Sin embargo, el lenguaje no se ha convertido en algo del todo impotente. Detenta, de ahora en adelante, nuevos poderes que le son propios. En la segunda parte de la novela, Don Quijote encuentra personajes que han leído la primera parte del texto y que lo reconocen, a él, el hombre real, como el héroe del libro. El texto de Cervantes se repliega sobre sí mismo, se hunde en su propio espesor y se convierte en objeto de su propio relato para sí mismo. La primera parte de las aventuras desempeña en la segunda el papel que asumieron al principio las novelas de caballería. Don Quijote debe ser fiel a este libro en el que, de hecho, se ha convertido; debe protegerlo centra los errores, las falsificaciones, las continuaciones apócrifas; debe añadir los detalles omitidos, debe mantener su verdad. Pero el propio Don Quijote no ha leído este libro y no podrá hacerlo, puesto que es él en carne y hueso. Él, que a fuerza de leer libros, se había convertido en un signo errante en un mundo que no lo reconoce, se ha convertido ahora, a pesar de sí mismo y sin saberlo, en un libro que detenta su verdad, recoge exactamente todo lo que él ha hecho, dicho, visto y pensado y permite, en última instancia, que se le reconozca en la medida en que se asemeja a todos estos signos que ha dejado tras sí como un surco imborrable. Entre la primera y la segunda partes de la novela, en el intersticio de estos dos volúmenes y por su solo poder, Don Quijote ha tomado su realidad. Realidad que sólo debe al lenguaje y que permanece por completo en el interior de las palabras. La verdad de Don Quijote no está en la relación de las palabras con el mundo, sino en esta tenue y constante relación que las marcas verbales tejen entre ellas mismas. La ficción frustrada de las epopeyas se ha convertido en el poder representativo del lenguaje. Las palabras se encierran de nuevo en su naturaleza de signos.

Don
Quijote
es la primera de las obras modernas, ya que se ve en ella la razón cruel de las identidades y de las diferencias juguetear al infinito con los signos y las similitudes; porque en ella el lenguaje rompe su viejo parentesco con las cosas para penetrar en esta soberanía solitaria de la que ya no saldrá, en su ser abrupto, sino convertido en literatura; porque la semejanza entra allí en una época que es para ella la de la sinrazón y de la imaginación.

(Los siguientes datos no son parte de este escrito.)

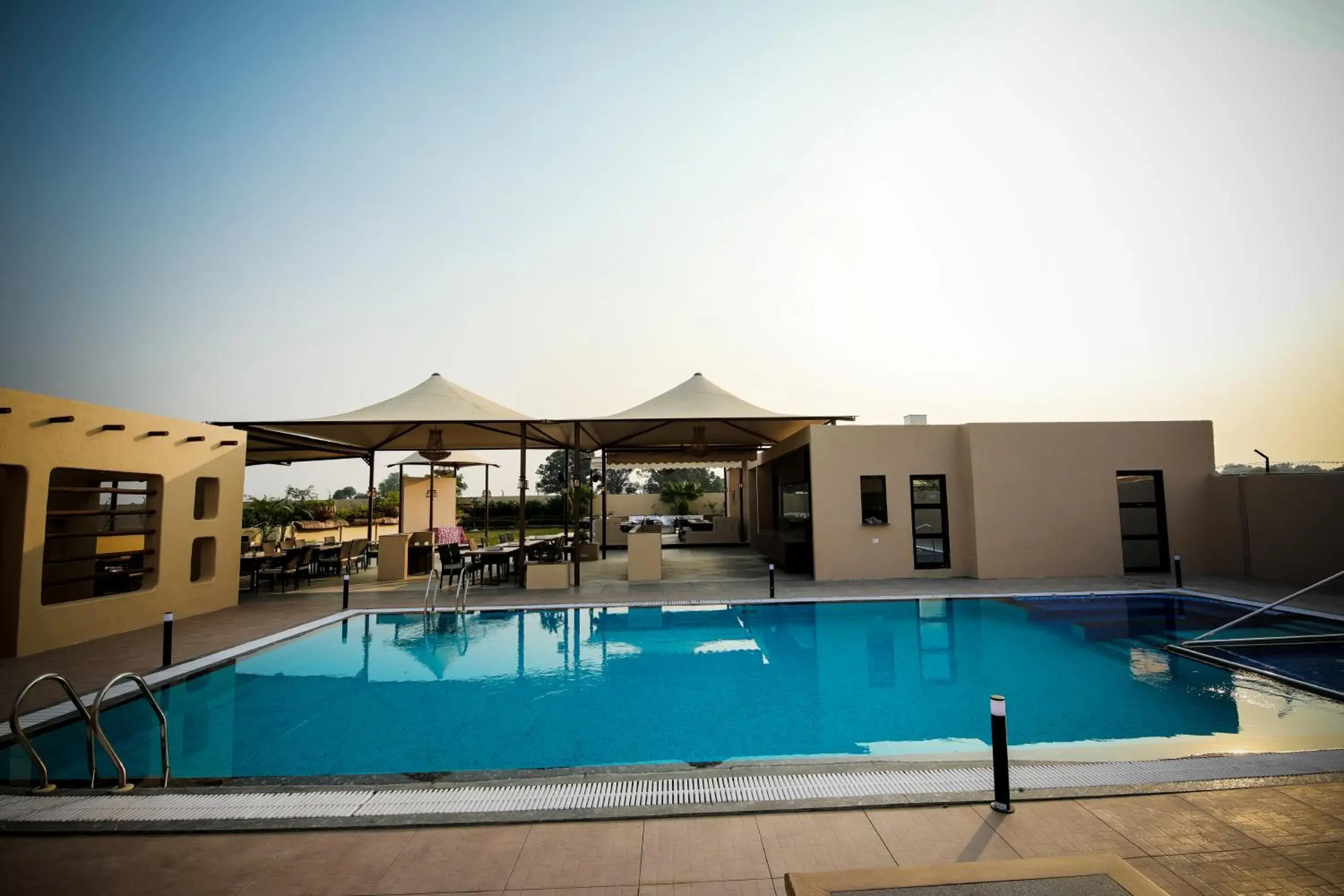 Swimming pool in Enrise by Sayaji Rewa Swimming pool in Enrise by Sayaji Rewa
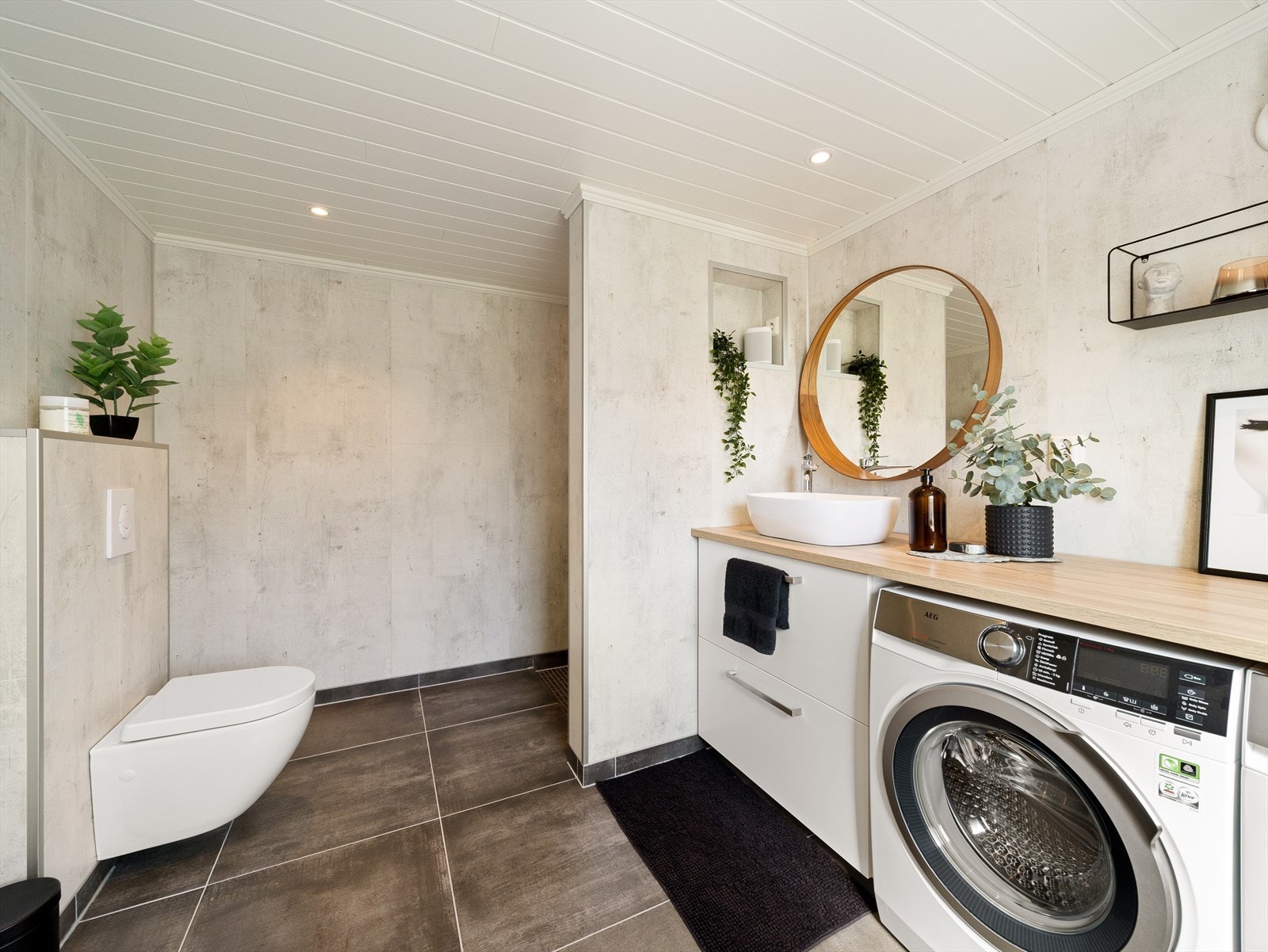 Selger opplyser at det ble byttet baderomsplater, isolasjon, rørarbeid i vegg og grunn, elektrisk, membran, fliser og diverse snekkerarbeid. Galleribilde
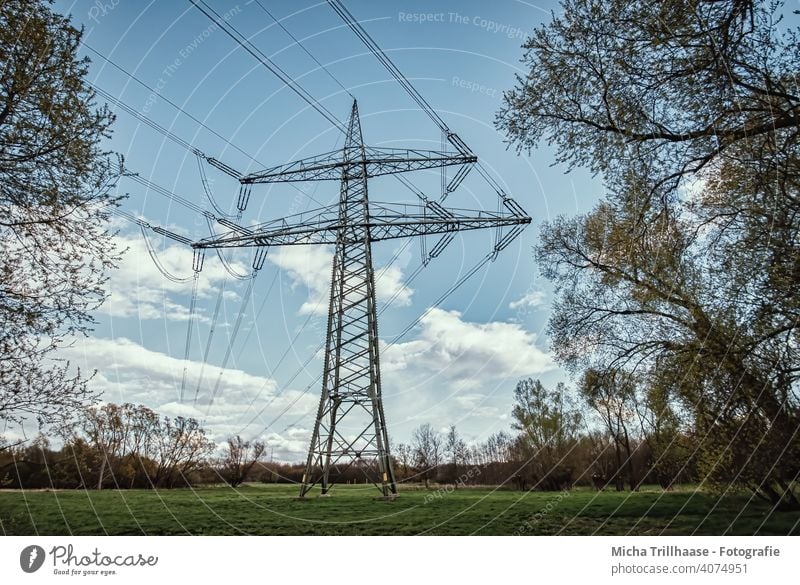 Strommast und Hochspannungsleitungen in der Landschaft Stromleitungen Stromtrasse Elektrizität Energiewirtschaft Technik & Technologie Stromtransport Kabel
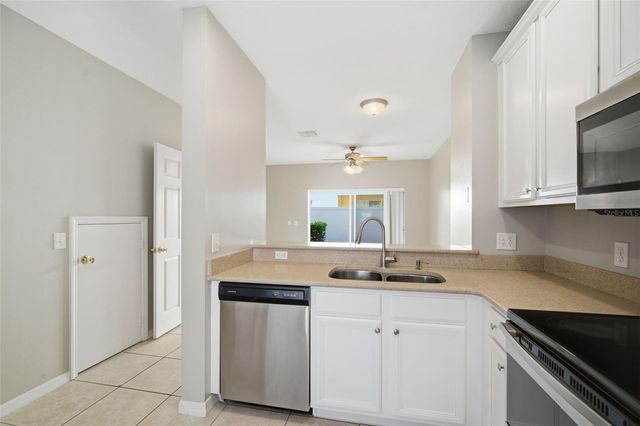 8532 BRUSHLEAF WAY, Tampa, FL 33647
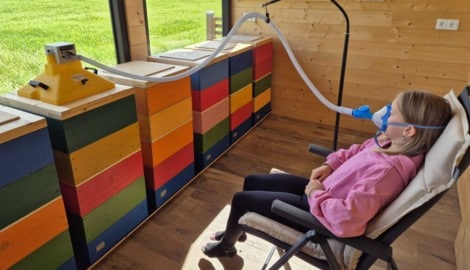 Mittels eines Inhalators wird die Bienenstockluft, die wertvolle Stoffe beinhaltet, eingeatmet.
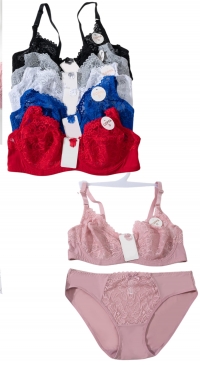 Lace and underwire bra with D-cup detail and briefs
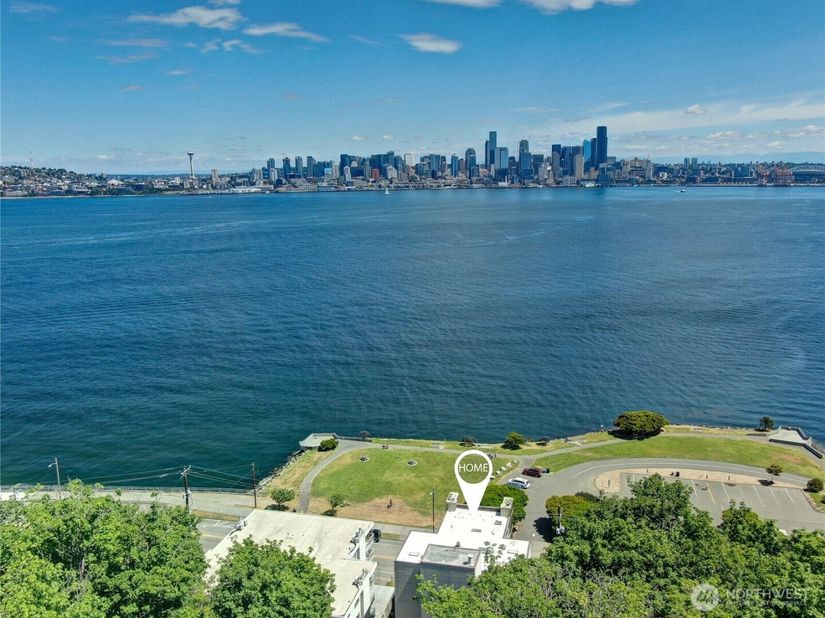 1111 Harbor Avenue SW 500, Seattle WA 98116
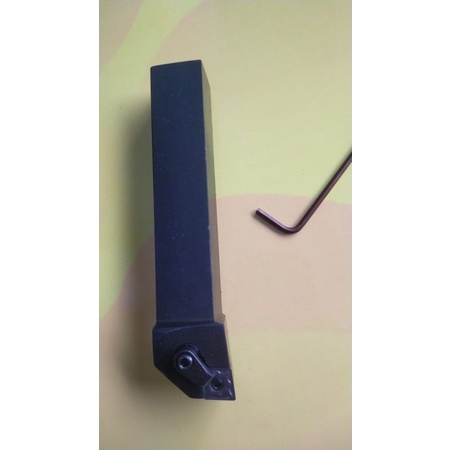 holder bubutuar cnmg12
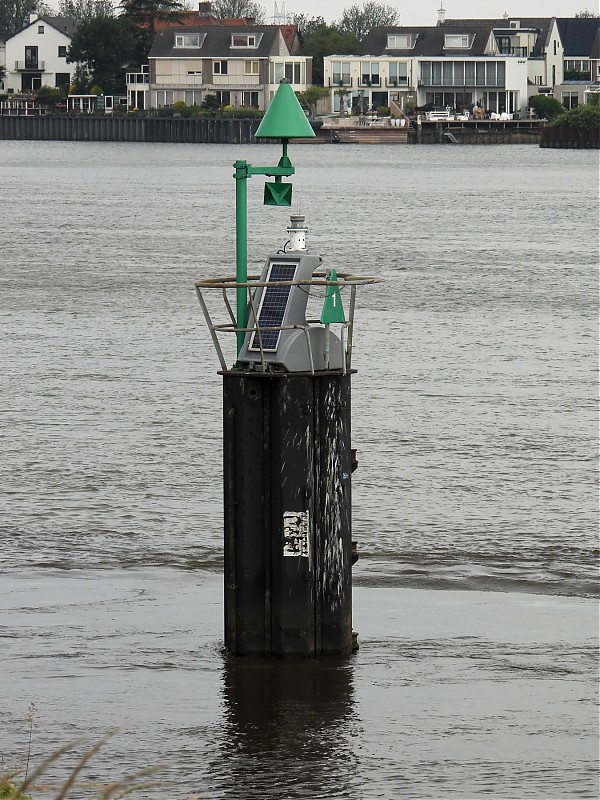 ROTTERDAM - River Noord - Lek S Shore - No 1 light
Keywords: Netherlands;Rotterdam;North sea;River Noord;Offshore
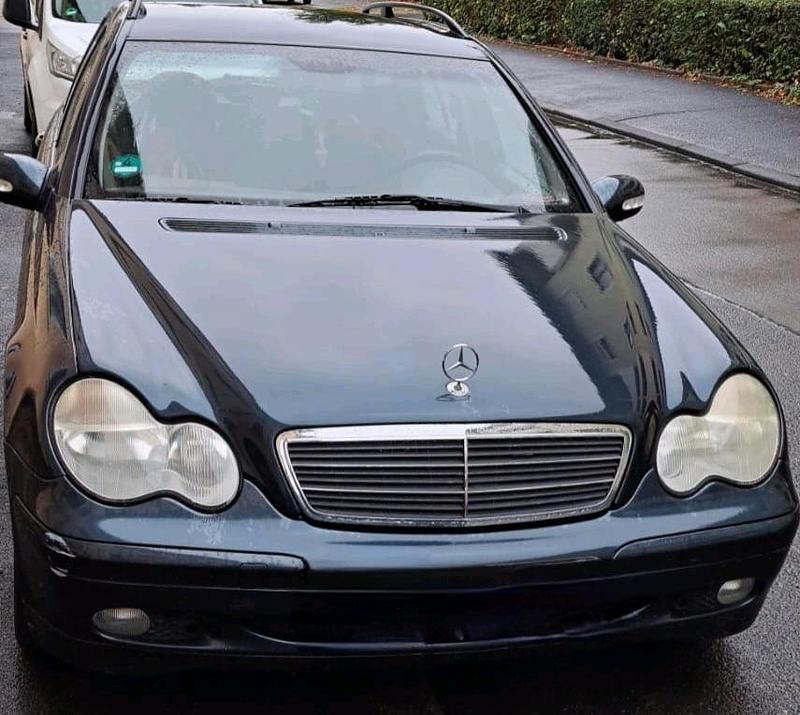 Blau Gebraucht 2002 Mercedes C180 Kombi | 600 € (Superpreis) - Bild 1/4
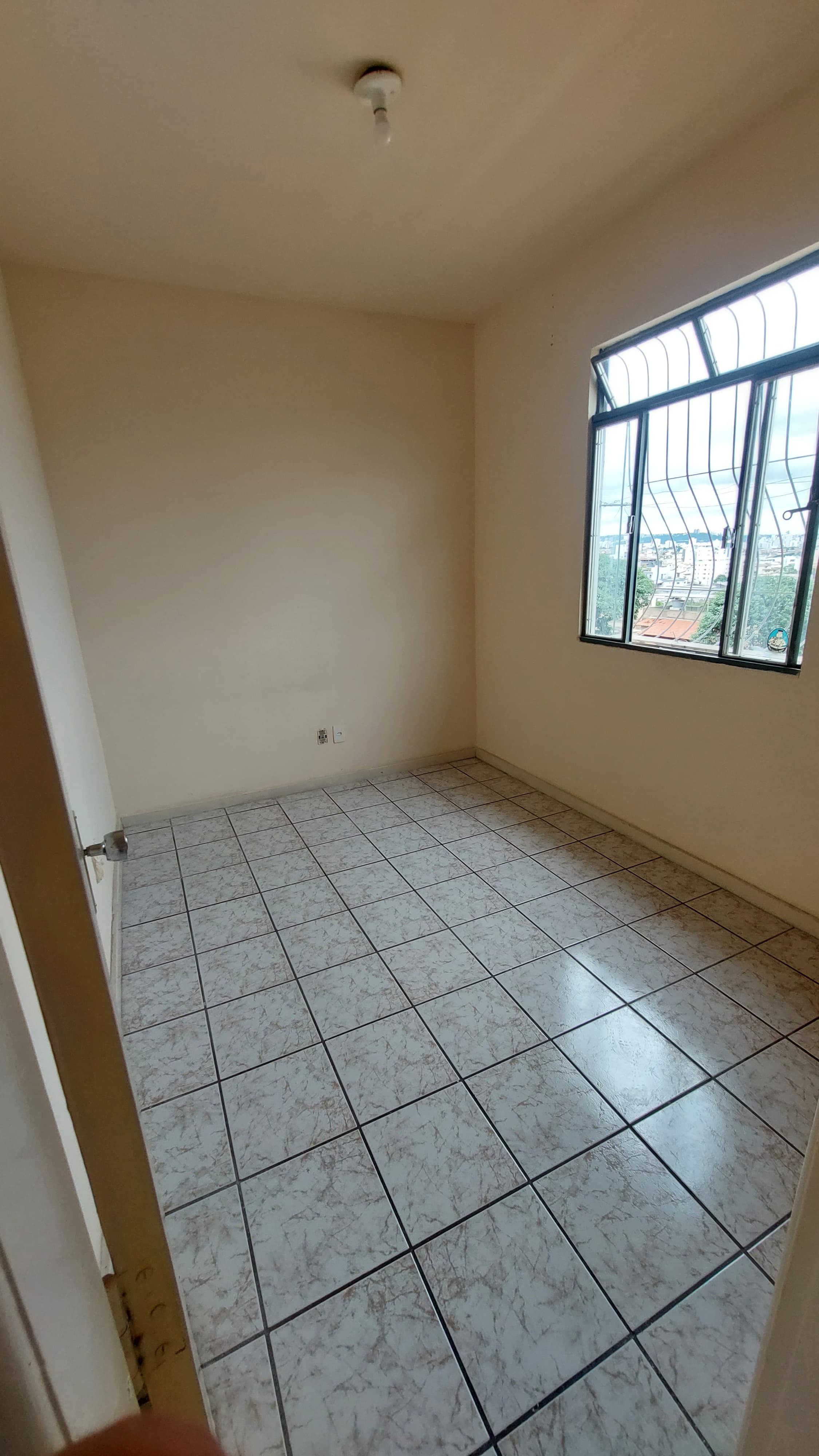 Apartamento à venda com 2 quartos, 60m² - Foto 2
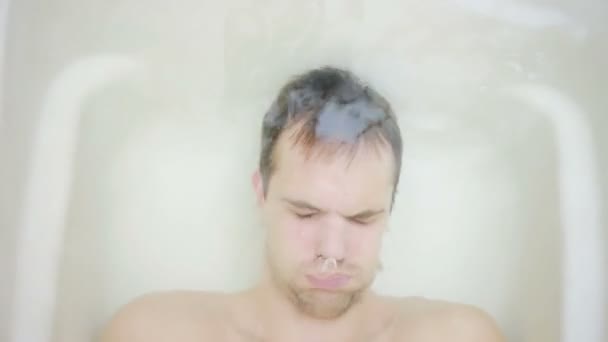 Лицо юноши под водой крупным планом, ванная комната — стоковое видео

Una vez desatados la similitud y los signos, pueden constituirse dos experiencias y dos personajes pueden aparecer frente a frente. El loco, entendido no como enfermo, sino como desviación constituida y sustentada, como función cultural indispensable, se ha convertido, en la cultura occidental, en el hombre de las semejanzas salvajes. Este personaje, tal como es dibujado en las novelas o en el teatro de la época barroca y tal como se fue institucionalizando poco a poco hasta llegar a la psiquiatría del siglo xix, es el que se ha
enajenado
dentro de la
analogía
. Es el jugador sin regla de lo Mismo y de lo Otro. Toma las cosas por lo que no son y unas personas por otras; ignora a sus amigos, reconoce a los extraños; cree desenmascarar e impone una máscara. Invierte todos los valores y todas las proporciones porque en cada momento cree descifrar los signos: para él, los oropeles hacen un rey. Dentro de la percepción cultural que se ha tenido del loco hasta fines del siglo xviii, sólo es el Diferente en la medida en que no conoce la Diferencia; por todas partes ve únicamente semejanzas y signos de la semejanza; para él todos los signos se asemejan y todas las semejanzas valen como signos. En el otro extremo del espacio cultural, pero muy cercano por su simetría, el poeta es el que, por debajo de las diferencias nombradas y cotidianamente previstas, reencuentra los parentescos huidizos de las cosas, sus similitudes dispersas. Bajo los signos establecidos, y a pesar de ellos, oye otro discurso, más profundo, que recuerda el tiempo en el que las palabras centelleaban en la semejanza universal de las cosas: la Soberanía de lo Mismo, tan difícil de enunciar, borra en su lenguaje la distinción de los signos.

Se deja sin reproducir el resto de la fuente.